#### Problem:
Of the lines below, write out exactly those from the line with "โชคอัฟพร้อมสปริง รถ handa HRV 2022 รูปที่ 3" through the line with "A bathroom at", both included, and skip the rest.

(Short text fragments from websites)
━━━━━━━━

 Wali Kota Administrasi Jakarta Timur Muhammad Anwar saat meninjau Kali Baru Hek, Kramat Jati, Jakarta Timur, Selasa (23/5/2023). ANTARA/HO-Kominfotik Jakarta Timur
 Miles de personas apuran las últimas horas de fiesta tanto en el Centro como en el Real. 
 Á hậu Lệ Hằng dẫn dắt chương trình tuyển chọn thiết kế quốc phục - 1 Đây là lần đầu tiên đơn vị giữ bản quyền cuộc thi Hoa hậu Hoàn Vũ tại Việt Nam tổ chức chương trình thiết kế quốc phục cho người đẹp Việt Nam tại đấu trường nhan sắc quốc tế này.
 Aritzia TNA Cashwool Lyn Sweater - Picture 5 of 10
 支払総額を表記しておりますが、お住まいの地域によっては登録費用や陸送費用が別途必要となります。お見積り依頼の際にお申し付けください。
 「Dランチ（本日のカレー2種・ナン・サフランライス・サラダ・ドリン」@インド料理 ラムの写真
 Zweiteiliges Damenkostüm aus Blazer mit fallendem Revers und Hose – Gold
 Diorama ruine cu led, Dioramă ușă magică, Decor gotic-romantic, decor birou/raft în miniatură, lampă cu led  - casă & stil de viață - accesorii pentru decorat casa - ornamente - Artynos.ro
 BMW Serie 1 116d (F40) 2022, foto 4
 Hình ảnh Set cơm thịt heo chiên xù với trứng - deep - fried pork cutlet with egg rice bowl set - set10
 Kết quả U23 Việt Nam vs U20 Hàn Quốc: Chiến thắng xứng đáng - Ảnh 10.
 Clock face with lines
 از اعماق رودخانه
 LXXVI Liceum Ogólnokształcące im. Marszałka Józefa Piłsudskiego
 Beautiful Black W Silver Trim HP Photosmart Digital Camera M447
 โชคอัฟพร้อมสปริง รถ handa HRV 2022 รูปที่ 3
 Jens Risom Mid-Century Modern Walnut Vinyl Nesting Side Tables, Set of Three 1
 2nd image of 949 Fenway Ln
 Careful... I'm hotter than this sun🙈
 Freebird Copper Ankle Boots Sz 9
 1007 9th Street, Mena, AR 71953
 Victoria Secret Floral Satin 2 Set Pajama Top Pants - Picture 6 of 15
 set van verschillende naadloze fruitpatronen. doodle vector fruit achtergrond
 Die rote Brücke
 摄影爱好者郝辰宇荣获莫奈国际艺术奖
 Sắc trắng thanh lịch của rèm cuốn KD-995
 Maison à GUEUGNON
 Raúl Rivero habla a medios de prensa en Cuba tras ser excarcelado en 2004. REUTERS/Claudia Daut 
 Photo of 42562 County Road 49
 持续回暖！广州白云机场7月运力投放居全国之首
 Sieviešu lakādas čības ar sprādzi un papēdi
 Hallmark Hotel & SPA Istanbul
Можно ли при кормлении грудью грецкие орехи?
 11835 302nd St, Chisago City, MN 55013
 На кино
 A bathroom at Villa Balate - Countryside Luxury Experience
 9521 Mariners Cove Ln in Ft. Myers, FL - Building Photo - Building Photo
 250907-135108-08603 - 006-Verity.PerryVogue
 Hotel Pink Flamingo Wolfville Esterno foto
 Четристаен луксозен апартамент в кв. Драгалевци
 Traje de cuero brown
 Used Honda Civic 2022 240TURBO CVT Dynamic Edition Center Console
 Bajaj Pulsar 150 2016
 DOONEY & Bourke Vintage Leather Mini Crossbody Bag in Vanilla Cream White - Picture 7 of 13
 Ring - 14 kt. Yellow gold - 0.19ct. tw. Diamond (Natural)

━━━━━━━━

#### Solution for this task:
 โชคอัฟพร้อมสปริง รถ handa HRV 2022 รูปที่ 3
 Jens Risom Mid-Century Modern Walnut Vinyl Nesting Side Tables, Set of Three 1
 2nd image of 949 Fenway Ln
 Careful... I'm hotter than this sun🙈
 Freebird Copper Ankle Boots Sz 9
 1007 9th Street, Mena, AR 71953
 Victoria Secret Floral Satin 2 Set Pajama Top Pants - Picture 6 of 15
 set van verschillende naadloze fruitpatronen. doodle vector fruit achtergrond
 Die rote Brücke
 摄影爱好者郝辰宇荣获莫奈国际艺术奖
 Sắc trắng thanh lịch của rèm cuốn KD-995
 Maison à GUEUGNON
 Raúl Rivero habla a medios de prensa en Cuba tras ser excarcelado en 2004. REUTERS/Claudia Daut 
 Photo of 42562 County Road 49
 持续回暖！广州白云机场7月运力投放居全国之首
 Sieviešu lakādas čības ar sprādzi un papēdi
 Hallmark Hotel & SPA Istanbul
Можно ли при кормлении грудью грецкие орехи?
 11835 302nd St, Chisago City, MN 55013
 На кино
 A bathroom at Villa Balate - Countryside Luxury Experience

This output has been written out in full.